La Cour n'entend donc pas se prononcer en l'espèce sur ce dernier point : au vu de la teneur du grief soulevé par la requérante, il lui suffit de relever qu'il est manifeste qu'il n'y a pas de consensus européen quant à la qualification de la prostitution en elle-même au regard de l'article 3. Elle observe à cet égard qu'à l'instar d'autres Etats membres du Conseil de l'Europe, la France a opté pour une approche dite « abolitionniste » de la prostitution : celle-ci est jugée incompatible avec la dignité de la personne humaine ; elle n'est cependant ni interdite – à la différence du proxénétisme, qui est réprimé – ni contrôlée. Ainsi, en particulier, la France figure parmi les vingt-cinq Etats membres qui ont ratifié la Convention des Nations Unies pour la répression de la traite des êtres humains et de l'exploitation de la prostitution d'autrui du 2 décembre 1949, dont le préambule stipule notamment que la prostitution est « incompatible[] avec la dignité et la valeur de la personne humaine ». Dans d'autres Etats membres, le régime juridique de la prostitution s'apparente au « prohibitionnisme » (la prostitution en tant que telle est interdite, et les prostitués – ainsi que leurs clients éventuellement – sont sanctionnés) – ou au « réglementarisme » (l'activité prostitutionnelle – y compris l'exploitation de la prostitution des majeurs – est tolérée et contrôlée).

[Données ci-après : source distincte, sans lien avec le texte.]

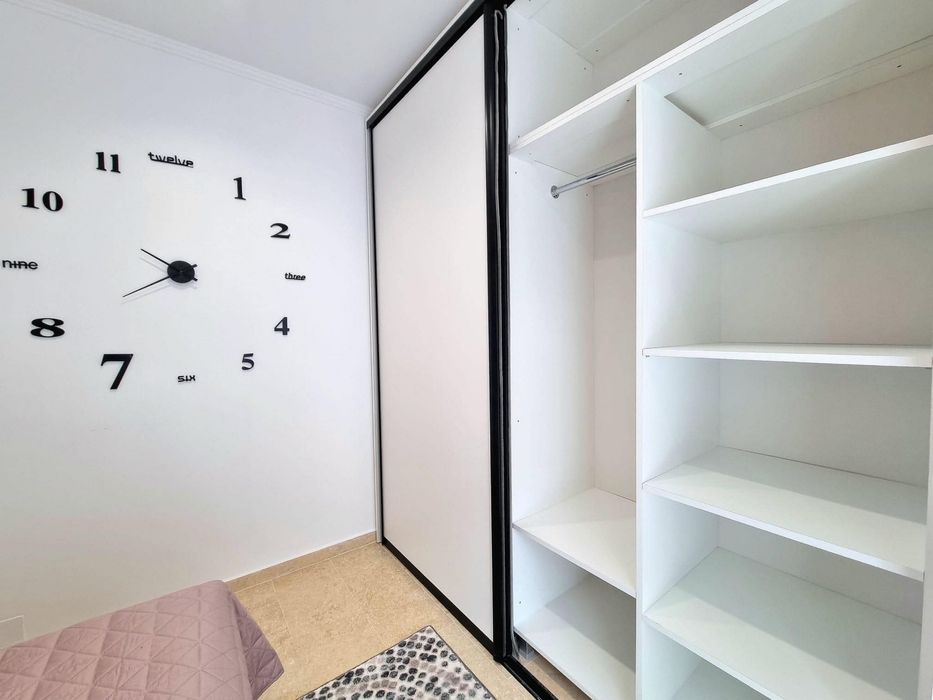Apartament 2 camere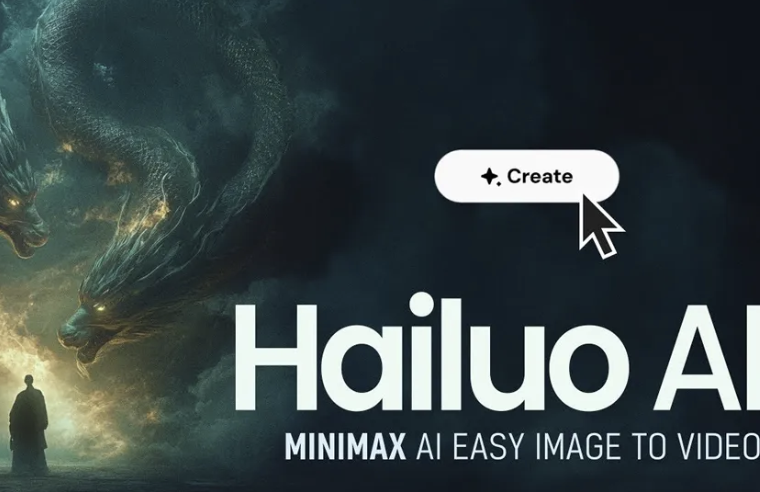 hailuo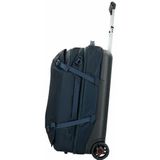 Thule Subterra Rolling Split Trolley 55 cm mineral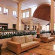 Фото Excellence Playa Mujeres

25. C'est en revanche avec la plus grande fermeté que la Cour souligne qu'elle juge la prostitution incompatible avec les droits et la dignité de la personne humaine dès lors qu'elle est contrainte.

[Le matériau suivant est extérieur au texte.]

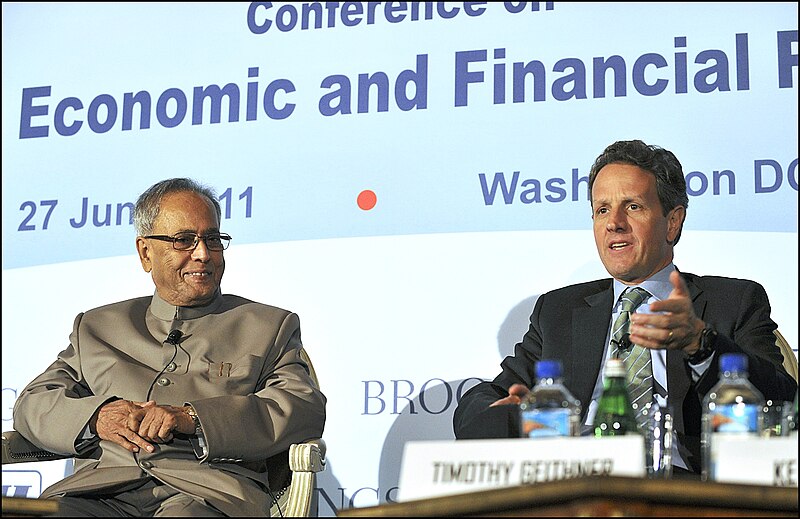 File:2011 U.S.-India Partnership (5881201934).jpg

La Cour est d'ailleurs confortée dans cette approche par les travaux effectués dans le cadre du Conseil de l'Europe sur des questions connexes. Elle relève en particulier que la Recommandation 1325 (1997) de l'Assemblée Parlementaire du Conseil de l'Europe qualifie « la traite des femmes et la prostitution forcée [de] forme de traitement inhumain et dégradant en même temps qu'une violation flagrante des droits de l'homme », et que la Recommandation no R(2000)11 du Comité des Ministres « condamne la traite des êtres humains aux fins d'exploitation sexuelle, qui constitue une violation des droits de la personnes humaines et une atteinte à la dignité et à l'intégrité de l'être humain ». Le préambule de la Convention du Conseil de l'Europe sur la lutte contre la traite des êtres humains du 16 mai 2005 – signée par trente-six Etats membres – souligne pareillement que « la traite des êtres humains constitue une violation des droits de la personne humaine et une atteinte à la dignité et à l'intégrité de l'être humain ».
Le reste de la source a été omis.